This is my first blog post, I’m just gonna jump right in, because that’s how you move forward. You can plan, research, practice, talk about, take all the courses, dream all you want but nothing actually happens until you dive in.
I wanted to be a writer when I was in kindergarten. I drew picture books during recess, stapling them together to bind them (at least that’s how I remember it… did they let kindergartners use staplers back then? Probably… we didn’t have seatbelts or no smoking zones back then either.) I had this idea of being the youngest author at 8 years old. But no one read my writing or encouraged me. They only saw my drawing and labeled me an artist, so I became an artist/illustrator.
Went to college with the plan to write and illustrate my own books. The college had different ideas. They wanted to train me to get a job… any job. I was forced to study all these different options (copywriting? silkscreen? fashion illustration, which is not at all the same as regular illustration) nothing to do with book and print media illustration. So I approached the faculty with an independent study program for myself. It was approved but the professor they stuck me with had no understanding of children’s literature. My book was going to be about a child who visits grandparents in Florida, sneaks home an alligator egg that turns out to be a dragon who gets flushed down the toilet into the sewers of New York City. This was a picture book. The professor wanted to know “what’s the reason, the motivation, for the trip to Florida…?” Umm… to visit the Grandparents? Does the kid reading the book really need to know Grandpa is getting forgetful and Grandma got scammed by a door to door encyclopedia sales man? (yeah, that was a thing before the internet, but not in this story)

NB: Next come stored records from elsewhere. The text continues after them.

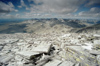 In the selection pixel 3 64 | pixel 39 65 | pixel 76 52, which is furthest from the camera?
pixel 76 52

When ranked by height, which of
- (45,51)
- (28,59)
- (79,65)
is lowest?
(79,65)

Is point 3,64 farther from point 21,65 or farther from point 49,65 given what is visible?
point 49,65

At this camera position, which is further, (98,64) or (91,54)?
(91,54)

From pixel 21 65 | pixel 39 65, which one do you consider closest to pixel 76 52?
pixel 39 65

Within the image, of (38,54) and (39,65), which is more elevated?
(38,54)

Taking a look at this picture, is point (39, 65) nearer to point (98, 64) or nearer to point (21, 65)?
point (21, 65)

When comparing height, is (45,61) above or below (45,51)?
below

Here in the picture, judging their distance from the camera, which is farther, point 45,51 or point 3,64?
point 45,51

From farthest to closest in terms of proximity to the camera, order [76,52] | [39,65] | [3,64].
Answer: [76,52]
[3,64]
[39,65]

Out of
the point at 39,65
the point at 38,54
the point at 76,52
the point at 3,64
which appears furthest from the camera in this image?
the point at 76,52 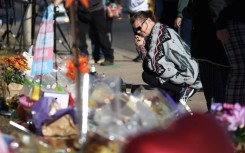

Anyhoo, Readers Digest version; I never finished the program, graduated and became a professional illustrator, took many short term jobs and picked up random skills, lost my portfolio on the way to yet another freelance interview, took it as a sign that freelancing was not for me (constantly hunting for a job, getting it, completing it and having to hunt again for the next gig), started my own business, failed at that business (but not really because I learned to run a retail business), got married, started a new business (on a whim, saw a space available, asked how much, said “I’ll take it!” without ever having run a store before) became the first anime only collectibles store on the east coast (before anime went mainstream), closed it and went online only when my first born decided she would not nap and only scream in the cozy baby-nook I created for her at the shop, had another kid, decided to open a new store when he was 3 so I could interact with adults again, closed again (still online though) to take care of personal/family life while getting amicably divorced (better to alone than to be with someone and lonely) and then…finally… I dug out some adventures I’d written in the 90s, realized this shit was actually good and reworked and expanded it into a series and became the person my kindergarten self wanted me to be.
And if you are still reading this… I must be pretty okay at the whole writing thing.
I didn’t know what I wanted to write as my first blog post, but I jumped in and here we are. At the risk of sounding like a retro athletic ad campaign, if you want to do something… Just Do It!